Dans ce second extrait de notre entretien avec l’astrophysicien Jean-Pierre Luminet, ce dernier nous rappelle qu’un dirigeant, même les pieds solidement ancrés dans la glaise, doit savoir également lever les yeux vers les étoiles…

« La crise consiste justement dans le fait que l’ancien meurt et que le nouveau ne peut pas naître », écrivait Antonio Gramsci. Nous vivons aujourd’hui dans cet « entre deux mondes ». Dans votre discipline, assiste-t-on à une semblable crise ?

La physique fondamentale se trouve en effet aujourd’hui dans une sorte d’interrègne. La raison est qu’elle repose sur deux piliers certes solides, mais incompatibles entre eux. Le premier est la relativité générale, qui est une théorie de la gravitation, de l’espace et du temps (elle décrit l’univers à grande échelle, qui est gouverné par les phénomènes de gravité). Le second est la physique quantique, qui décrit plutôt ce qu’il est convenu d’appeler l’infiniment petit (interactions entre particules élémentaires).

Nous sommes bel et bien dans un interrègne.

Ces deux cadres théoriques régissent fort efficacement des domaines de la physique bien distincts, et l’on peut estimer normal qu’il y en ait deux. Autres échelles, autres concepts. Le problème, c’est que l’univers scruté aujourd’hui par nos instruments — tant matériels qu’intellectuels — présente des situations qui ont la sournoiserie de faire appel aux deux théories en même temps. Des cas limites assortis de conditions extrêmes, où à la fois la gravitation et la physique quantique ont voix au chapitre. Deux exemples en sont les trous noirs et le Big Bang. On ne saurait rien imaginer de plus embêtant : il s’agit de marier la grenouille et l’éléphant. Quelques dizaines de théoriciens répartis de par le monde tentent donc de bâtir des théories dites de « gravitation quantique », dont l’achèvement représenterait un nouveau règne pour la physique. Mais la tâche est si ardue que nous sommes encore loin d’en voir le bout – si bout il y a d’ailleurs ! Plusieurs pistes sont explorées : théories des cordes mettant en jeu des dimensions supplémentaires de l’espace et un bien étrange « multivers », gravité à boucles invoquant plutôt une atomisation de l’espace-temps, etc., mais aucune de ces approches n’a abouti vraiment, de sorte que nous sommes bel et bien dans un interrègne, dont il est difficile de prévoir si et quand nous en sortirons.

Votre conseil aux dirigeants d’entreprise ?

Je leur dirai que les concepts fondamentaux ne doivent jamais cesser d’être interrogés.
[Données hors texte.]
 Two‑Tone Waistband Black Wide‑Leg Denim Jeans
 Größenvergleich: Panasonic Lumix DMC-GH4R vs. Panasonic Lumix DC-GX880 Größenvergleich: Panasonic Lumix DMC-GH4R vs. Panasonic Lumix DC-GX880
L’accumulation d’observations ou de données trop discordantes finit par remettre en cause les piliers mêmes de la compréhension du monde, et ceci dans les domaines aussi bien scientifiques que politiques, économiques, financiers, managériaux, etc. Il ne faut plus dès lors chercher à faire fonctionner à tout prix une grille de lecture figée avec des données discordantes, mais fabriquer un nouveau modèle.